____ Data provided

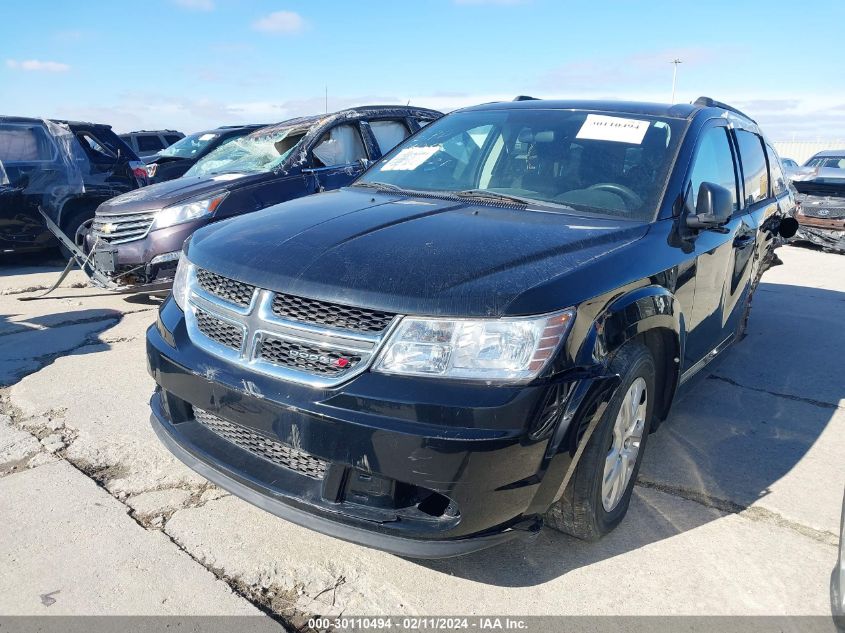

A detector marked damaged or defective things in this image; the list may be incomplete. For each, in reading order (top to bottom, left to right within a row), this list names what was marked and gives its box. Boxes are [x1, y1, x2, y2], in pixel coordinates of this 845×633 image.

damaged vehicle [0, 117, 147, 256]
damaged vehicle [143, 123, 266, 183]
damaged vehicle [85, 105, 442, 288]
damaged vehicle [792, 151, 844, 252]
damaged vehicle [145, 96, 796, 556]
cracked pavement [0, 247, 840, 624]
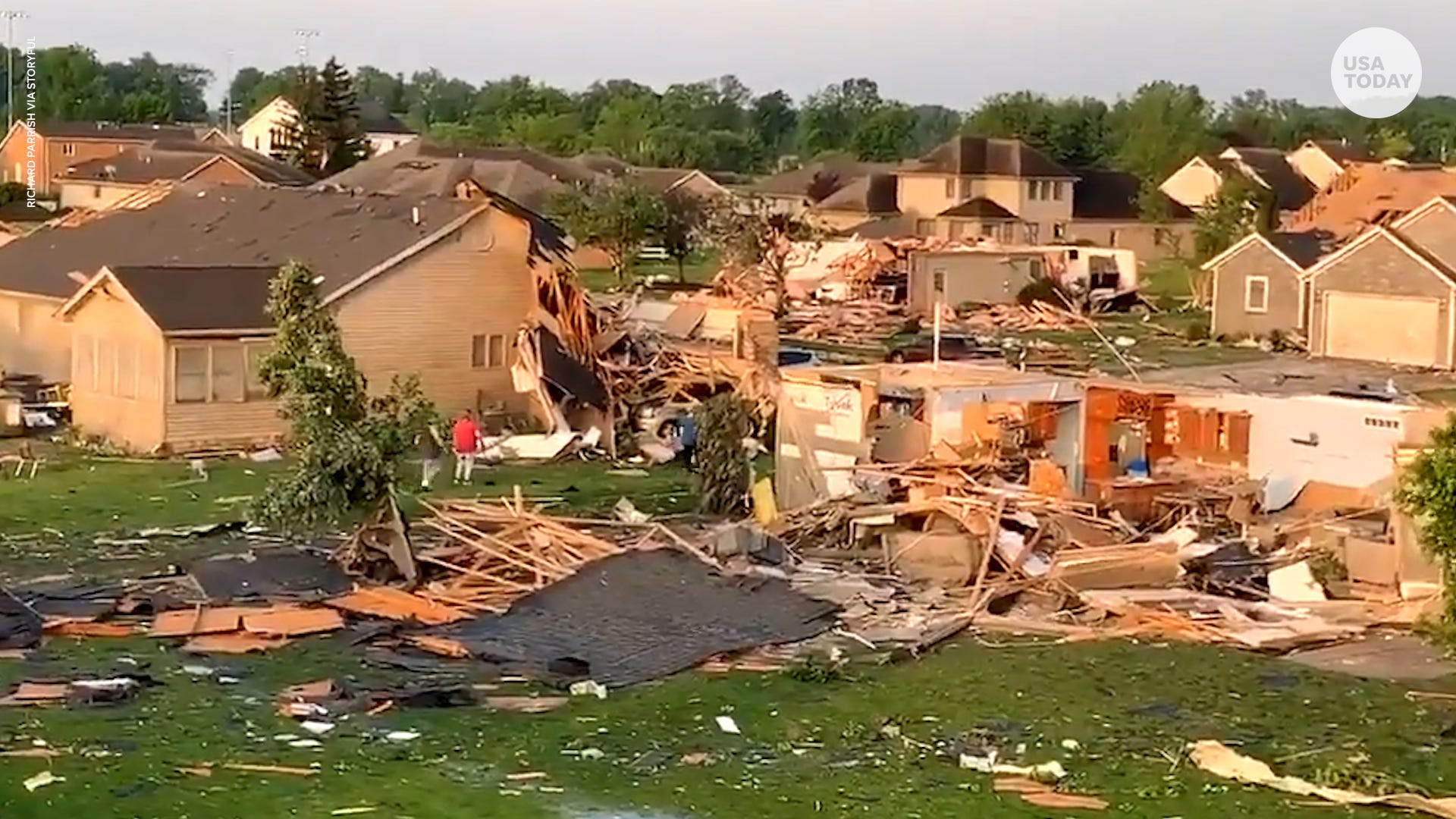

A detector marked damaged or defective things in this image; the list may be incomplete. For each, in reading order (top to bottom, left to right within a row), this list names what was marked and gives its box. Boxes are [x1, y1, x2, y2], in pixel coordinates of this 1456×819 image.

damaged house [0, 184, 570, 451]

________

In the listing above, find the line containing "this 1456×819 image."; that line and every line after it, through the last, are to be retyped exactly.

• Expected answer
A detector marked damaged or defective things in this image; the list may be incomplete. For each, in reading order (top to bottom, left to right within a row), this list names what was marked and gives its box. Boxes are [x1, y1, x2, y2], in pixel coordinates of this 1456×819 image.

damaged house [0, 184, 570, 451]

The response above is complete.